Schreiben in der passiv-aggressiven Whatsapp-Gruppe

Die ist wie die Auswahl der Schlange an der Supermarktkasse: Man macht es einfach immer falsch. „Team“ ist nicht umsonst die Abkürzung für „Toll, ein anderer macht’s!“. Um herauszufinden, wer das Glück hat, „ein anderer“ sein zu dürfen, wird zunächst mal eine Whatsapp-Gruppe erstellt. Die enthält wahlweise den Titel des Seminars oder den Slogan „Work hard play hard“. Dahinter dann einen Bücher- und einen Bizeps-Emoji. Als ob hier wirklich jemand arbeiten würde. Wen versuchst du hier zu täuschen, Admin? Dann beginnt der Spaß erst richtig. Jemand startet die Debatte mit „Hey ihr Lieben, ich habe hier mal fix einen Doodle erstellt für unser nächstes Teamtreffen. Wäre super, wenn ihr den ausfüllen könntet. Ich bringe dann auch Kekse mit und wir könnten hinterher was trinken gehen. Das wird toll und mindestens ne 1,3!“. Zwei Wochen später hat natürlich noch kein Treffen stattgefunden. Die Zeit der erfundenen, aber höflichen Ausreden ist jedoch vorbei. Jetzt beginnt das Battle darum, wer mehr Stress hat und „jetzt echt viel zu busy“ für diese Gruppenarbeit ist. 37 passiv-aggressive Nachrichten später hat sich eine Person erbarmt, ein Grundkonzept zu schreiben und Aufgaben zu verteilen. Das heißt aber noch lange nicht, dass die auch erledigt werden.

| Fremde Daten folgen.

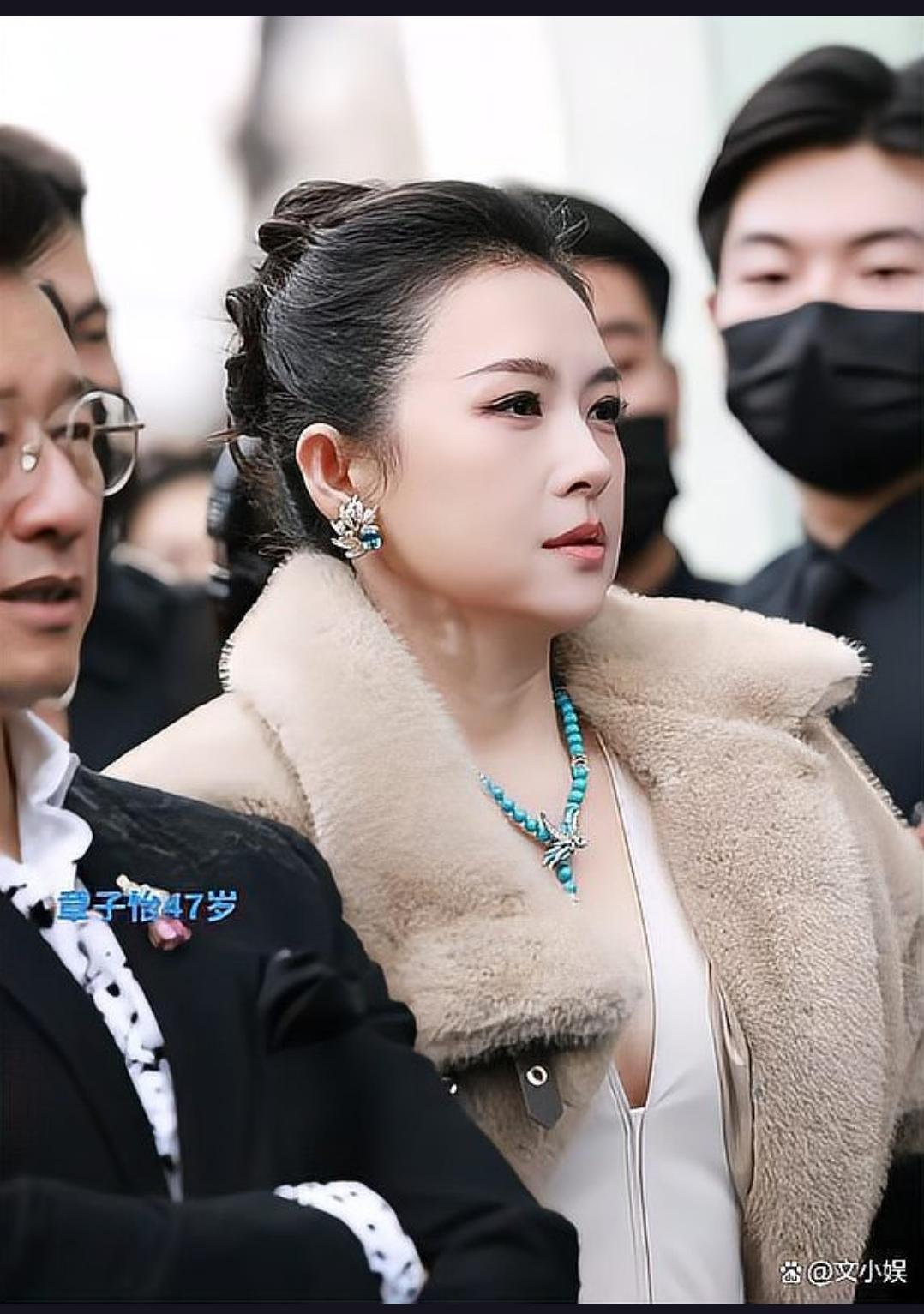 47岁的章子怡竟然为新角色增重20斤，这究竟是敬业精神还是向审美妥协？近日，章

Work hard play hard? Von wegen!

Spätestens jetzt ist klar, dass hier weder „work“ noch „play“ stattfindet. Arbeiten tut nämlich niemand und ausgehen wollt ihr erst recht nicht miteinander. Denn von der motivierten Sympathie am Anfang ist nichts mehr übrig. Jeder hat das Gefühl, diese Person zu sein, die alles übernimmt – während die anderen chillen. In Wirklichkeit macht aber keiner so richtig was. Deswegen ist der Projektbericht in Form eines Google-Docs auch noch halb leer – und zwar eine Woche vor Abgabe. Von der angestrebten 1,3 haben sich auch alle verabschiedet. “Hauptsache bestehen“ lautet jetzt die Devise. Eine Person hat das Titelblatt gestaltet, inklusive zwei falsch geschriebener Nachnamen und verabschiedet sich „nach getaner Arbeit“ in den Urlaub. Verzeihung, die Person begibt sich auf Selbstfindungsreise und leistet Freiwilligenarbeit. Der nächste hat bereits am letzten Vorlesungstag die Stadt Richtung Heimat verlassen und zu Hause ist der W-Lan-Empfang leider echt voll schlecht.

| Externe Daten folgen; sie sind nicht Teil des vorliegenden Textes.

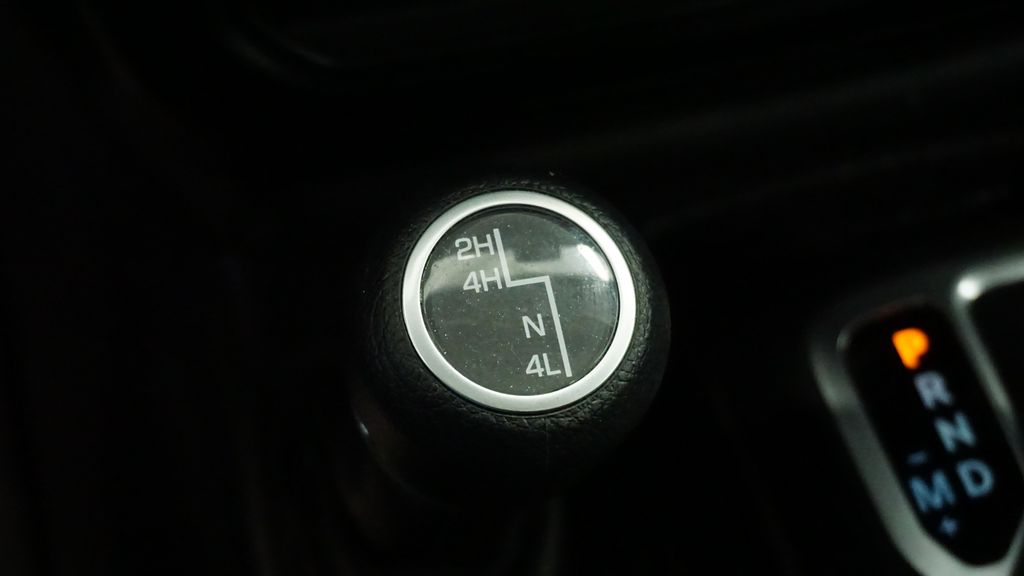 Thumbnail: 2019 Jeep Wrangler - 30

Schnell noch die Unterschriften fälschen

Schließlich erbarmt sich jemand und schreibt die restlichen Punkte alleine fertig. Der Vierte tut so, als hätte er es Korrektur gelesen. Auf mysteriöse Art und Weise taucht jetzt eine Person auf, die seit der Gruppenbildung nicht mehr gesehen wurde. Sie erklärt ausführlich, warum sie so lange verschwunden war. Die Geschichte enthält mindestens eine Superheldenmission und zwei von einem Baum zu rettende Kätzchen. Jetzt folgt die Bitte, den eigenen Namen noch mit unter den Projektbericht setzen zu dürfen. Dafür würde sie auch „die Druckkosten übernehmen und den Bericht zum Prüfungsamt bringen“. Heidewitzka, pass auf, dass du kein Burnout bekommst! Diese Person druckt schließlich die Arbeit aus, fälscht alle Unterschriften unter der Eidesstattlichen Erklärung und wirft die Arbeit am Morgen nach der Abgabefrist in den Briefkasten des Dozenten.

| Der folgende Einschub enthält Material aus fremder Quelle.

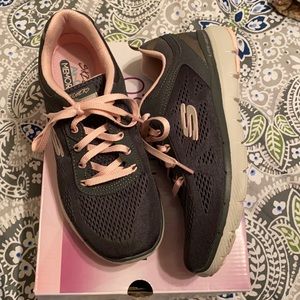 Sketchers Women’s Size 6.5m. Very gently worn.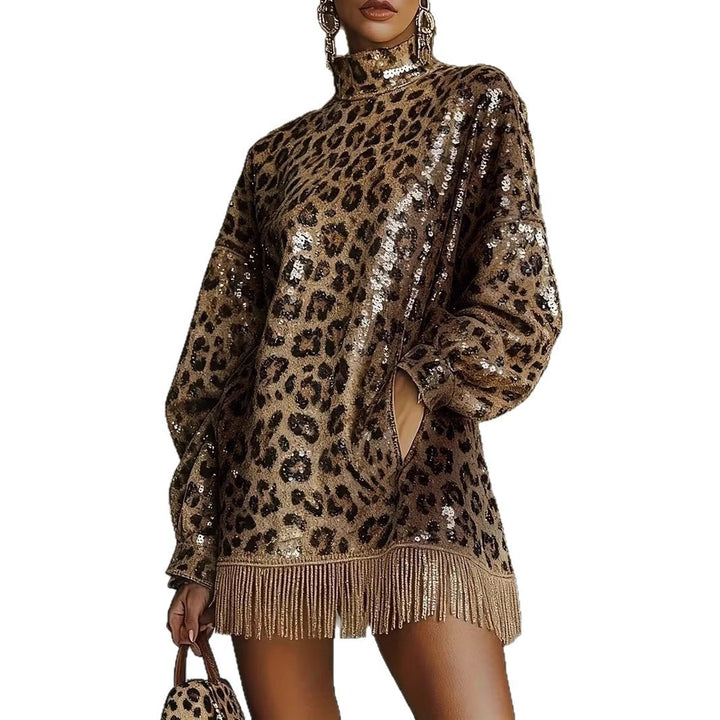 Kvinnelig glitrende kort kjole med leopardmønster og frynser Skjora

„Selbstgesteuert und eigenverantwortlich“

Das war also in der Modulbeschreibung gemeint als es hieß „Die Studierenden lernen, selbstgesteuert und eigenverantwortlich abgeschlossene Projekte entwickeln.“ Und das mit dem „für alle Beteiligten fruchtbaren Prozess“ hat auch super geklappt!